“Our role is to inform the public, seek the truth, ask tough questions and attempt to hold those in power accountable by shining a spotlight on what they are doing. … What is at stake is the survival of our nation as a place where differing views are tolerated and debated, where election results are trusted and accepted, where people in power are held accountable and where the truth is accepted, even when it challenges our beliefs and our biases.”
~Jon Karl, ABC News chief Washington correspondent, in his book “Front Row at the Trump Show”
There is nothing new about a president of the United States criticizing, berating or even maligning the press. It goes along with the inherent nature of a relationship that is necessarily antagonistic at times. But in recent years the media have been the subject of increasing criticism and, at times, outright hostility.
In the first full month of his presidency, President Donald J. Trump took criticism of the media to new heights when claiming that news outlets were “the enemy of the American people.” According to a Pew Research Center survey conducted in March 2017, 94% of Americans said they had heard about the relationship between the Trump administration and the news media. And what they were seeing at the time concerned them: large majorities felt the relationship was unhealthy and that the ongoing tensions were impeding Americans’ access to important political news. Importantly, these concerns were widely shared across nearly all demographic groups and large majorities of both Democrats and Republicans.
No group of journalists found themselves in the spotlight or targets of criticism more than those serving in the White House press corps. As Jon Karl wrote in the epilogue of his best-selling book, “Front Row at the Trump Show” the founding charter of the White House Correspondents Association serves as a reminder that a free press has played an integral role in the White House for well over a hundred years. Jon wrote, “… asking questions of the most powerful people in our government, reporting on their actions, attempting to hold them accountable. The charter will fade, presidents will come and go, and so will the individual journalists and news organizations who report on them … (but the role) has and will continue to survive challenging times and flawed reporters just as surely as it will survive flawed presidents.”

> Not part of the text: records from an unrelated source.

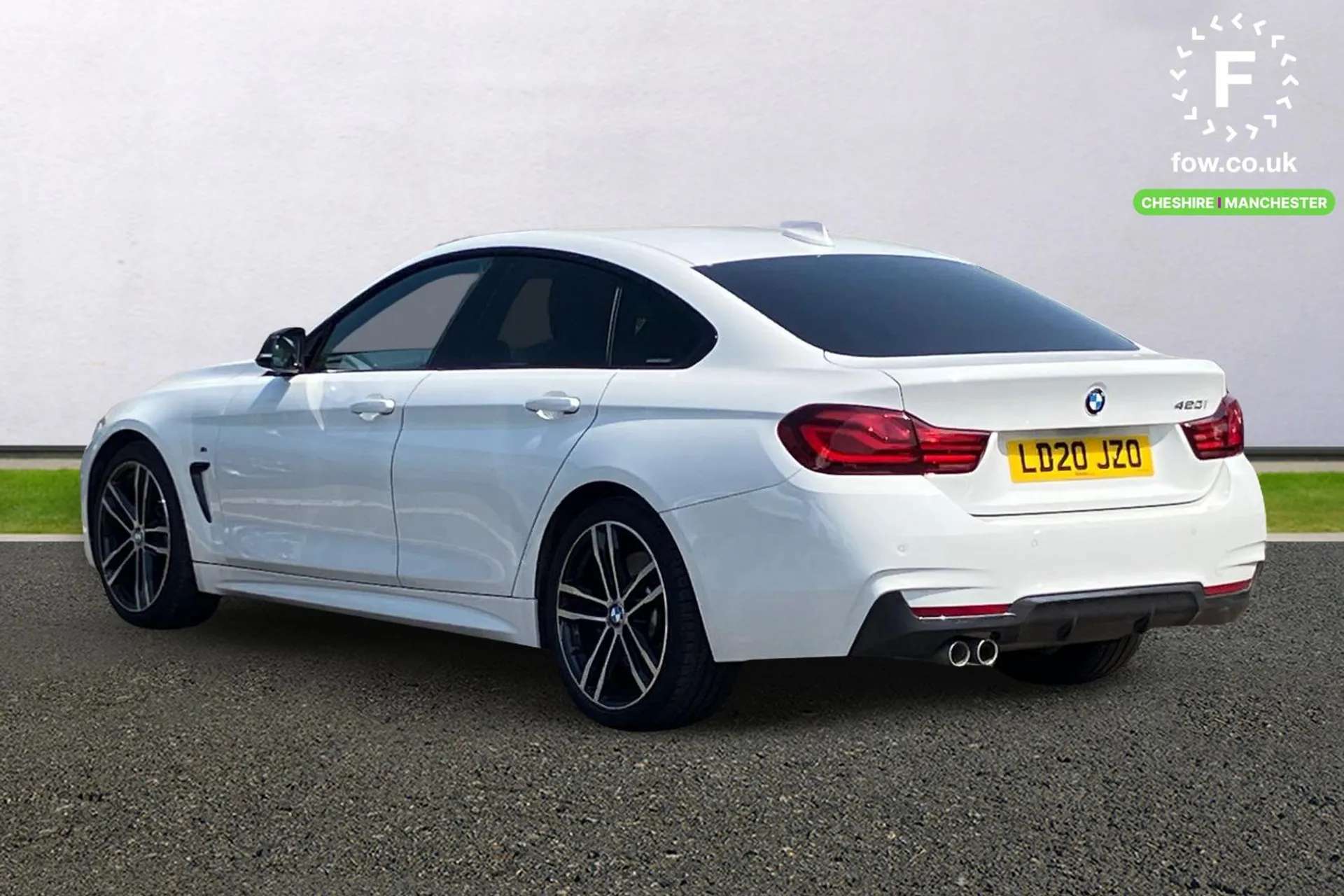 2020 BMW 4 SERIES 2020 BMW 4 SERIES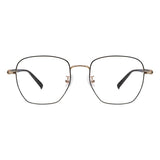 Metal Round Eyeglasses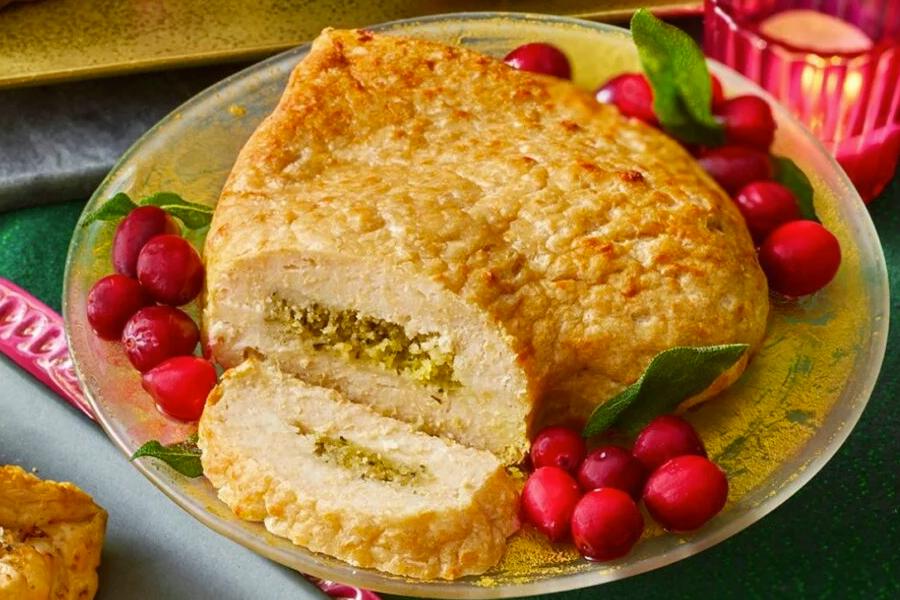 Tesco offers even bigger vegan Christmas range this year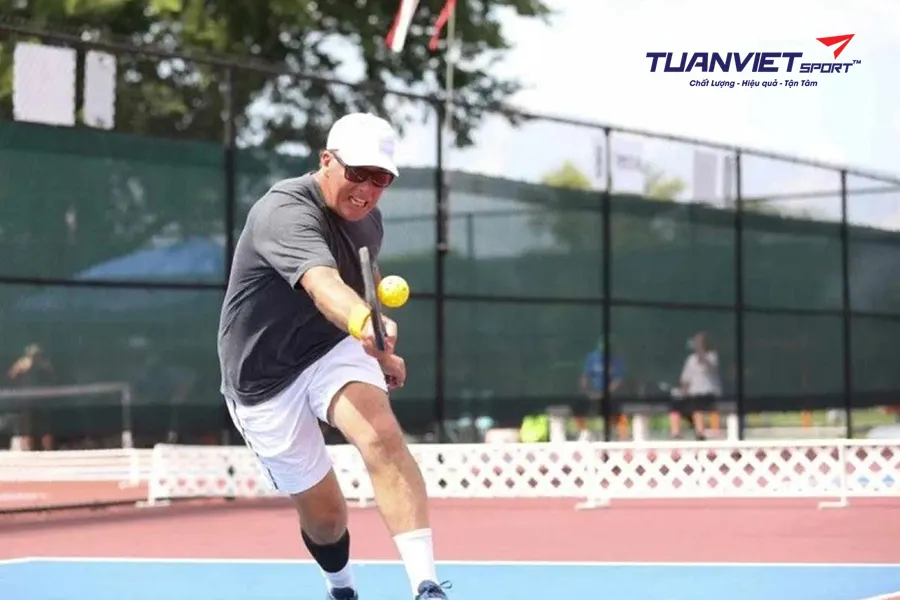 B&iacute; quyết xoay chuyển cục diện trận Pickleball nhờ kiểm so&aacute;t momentum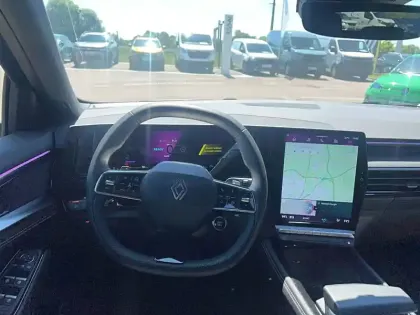 Photo 30 Renault Rafale  E-Tech full hybrid 200 ch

My respect for the role and work of White House correspondents has been shaped by the admittedly distant view of a longtime network affiliate, and enhanced through a wide range of associations with several journalists given the prestigious assignment of covering the White House for ABC News over the years. In particular, I’ll always recall fondly my visit to the White House in June 2014 at the invitation of Jon Karl, touring the James S. Brady Briefing Room and meeting with Ann Compton (now retired) and Arlette Saenz (now working at CNN).
While their personalities and approaches are different, each of the following profiles are intended to convey the depth of experience, commitment and sacrifice that are common to all of them. They are WINNERS for their tireless dedication to the pursuit of the truth and to reporting on what really goes on at the White House, and for serving in a role that remains vital to our democratic process.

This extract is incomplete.